September 27, 2020

AUTO ONLY ROADS: THE REICHSAAUTOBAHN

Hitler reviewing a first convoy on the Autobahn,

Copyright picture-alliance / dps used under the Creative Commons Attribution-Noncommercial-No Derivative Works 3.0 Unported. © Copyright 2015


            The automobile began taking over as the primary form of worldwide transportation in the early

 1910’s.  Most roads were dirt, cobblestone, or early versions of macadam.  Automobiles using these

roads had to dodge animals, children playing, people walking, and horse drawn conveyances.  Most 

residents relied upon the train for long distance travel.


All over Europe, various private organizations were working to promote auto only roads.  Although Hitler has often been given credit for the autobahn, the real precursors were the Avus experimental highway in Berlin (built between 1913 and 1921), and Italy’s 130-kilometer autostrada tollway between Milan and the northern Italian lakes (completed in 1923). (http://www.german-way.com/)  These early autobahns “featured limited-access and grade-separated crossings, but no medians.  The first Reichsautobahnen did have narrow medians but lacked shoulders, and ramps and waysides had cobblestone surfaces. “ (http://www.gettingaroundgermany.info/autobahn.shtml#design)
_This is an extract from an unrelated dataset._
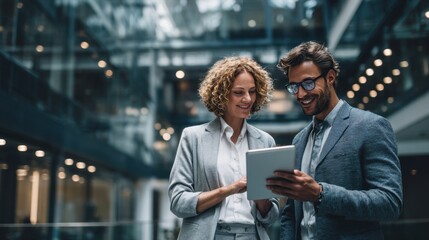 Obraz premium Two professionals share ideas while reviewing a tablet in a sleek office space during daylight.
In Novemeber of 1926, 'HAFRABA' (the Planning Association for the Motorway linking the Hanseatic Towns, Frankfurt and Basle) was begun at the instigation of Willy Hof, Chairman of the Deutsche Handels-Gesellschaft in Frankfurt.  (http://www.historytoday.com/uwe-oster/autobahn-myth#sthash.s3peRSKi.dpuf)  There was not enough money to begin constructing the auto only roads because of the depression, but HAFRABA began laying out the first plans and began convincing Germans of the need for Auto Only roads.

When the Nazis came to power during the depression, they collaborated with the communists to oppose the auto only roads.  In 1933 the opposition vanished when Hitler was elected.  He took the idea of auto only roads and ran with it.  Fritz Todt had authored the Brown Report, and Hitler read this to an audience at the February 11th Berlin Auto show.  A law establishing the Reichsautobahn project under that name was passed on June 27, 1933, and the Gesellschaft Reichsautobahnen (Reichsautobahns Association) was founded on August 25 as a subsidiary of the Reichsbahn, thereby removing its objections.[16] Todt was named Generalinspektor für das deutsche Straßenwesen (Inspector-General for the German Road System) on June 30.”  (https://en.wikipedia.org/wiki/Reichsautobahn)  Hitler rapidly wiped out any opposition, removed Jewish participants, and began construction on “Work Day” 1933. 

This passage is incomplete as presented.